Mike Connor has been confirmed to become the Obama administration’s next deputy secretary of the Department of the Interior, the number two position at the agency under Secretary Sally Jewell.
Connor was confirmed February 27 by a vote of 97 to 0 in the Senate.
“Mike is exactly the right person to help lead this Department—thoughtful, smart, organized and full of energy,” said Jewell in a statement. “His wealth of knowledge, experience and collaborative approach to complex challenges will be of great benefit to me and to this Department. Mike is a true public servant, and this new role will tap all of his experiences for the benefit of the American people.”
"Mike Connor is a dedicated public servant with the experience and background needed to help meet our nation's goals for energy independence and our environment,” said Sen. Martin Heinrich (D-N.M.) in a statement. “He is passionate about finding solutions on a range of issues important to New Mexico, including land and water conservation and addressing climate change.
“Mike is a staunch ally of Indian country and has a strong record of working effectively and collaboratively with Democrats, Republicans, and Independents,” Heinrich added.
Connor has in the past worked for Sen. Jeff Bingaman (D-N.M.), served at the Secretary of the Interior’s Indian Water Rights Office as director from 1999 to 2001 and as deputy director there from 1998 to 1999, and he worked as a lawyer at multiple offices at Interior from 1993 to 1997, including the Southwestern Regional Solicitor’s Office, the Division of Indian Affairs, and the Solicitor’s Honors Program.

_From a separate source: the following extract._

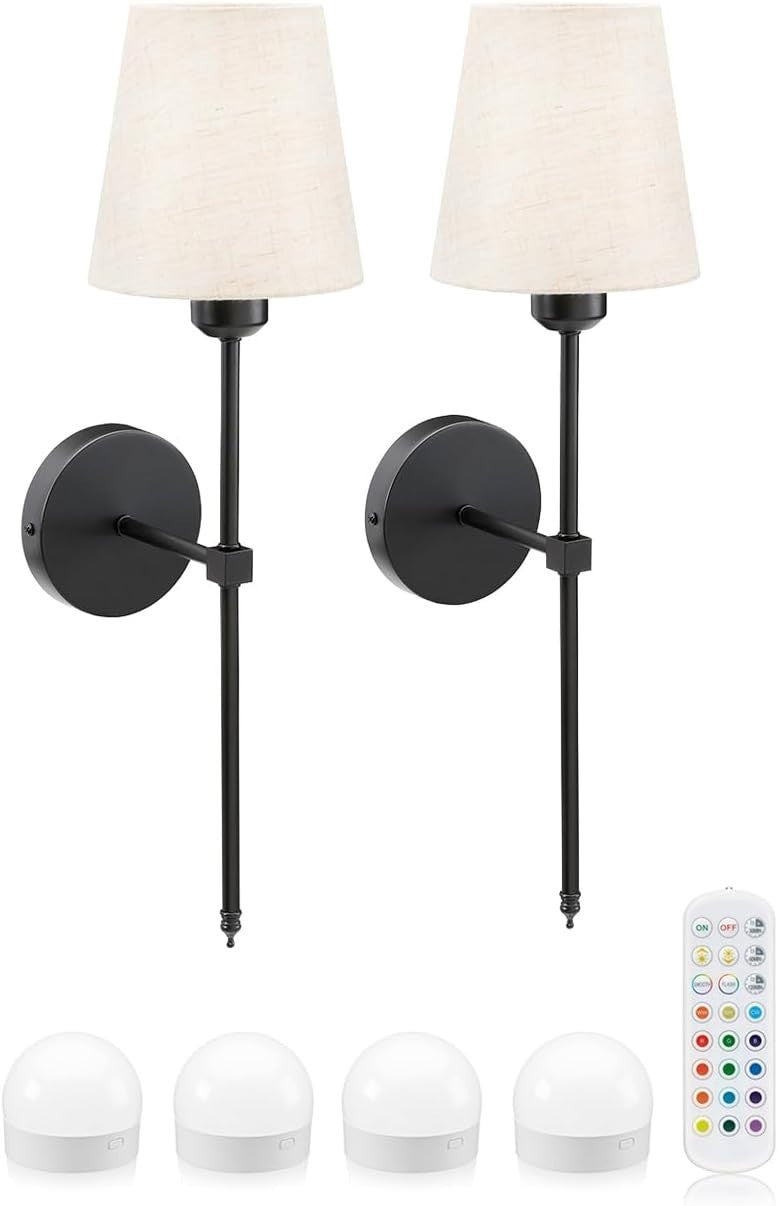 Wireless Rechargeable LED Wall Light, Dimmable, Remote, 2-Pack, 4-Light Sources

He has served as the commissioner of the Bureau of Reclamation at Interior since 2009 where he implemented five Indian water rights settlements.
Connor has received strong tribal support to replace David Hayes, who retired from the position in 2013 after tribal officials raised concerns about his role in some Indian-focused dealings, especially involving the stalledCarcieriland-into-trust legislative fix situation. Many tribal leaders hope Connor will be particularly strong on Indian energy and water issues, given his background.
While not an enrolled tribal citizen, Connor does have roots with the Taos Pueblo, as his maternal grandmother was an original member of Taos Pueblo’s water rights task force.
According to Interior officials, Connor is the first person with ties to Indian country to serve in the number two position at the department, which oversees many of the nation’s federal Indian affairs.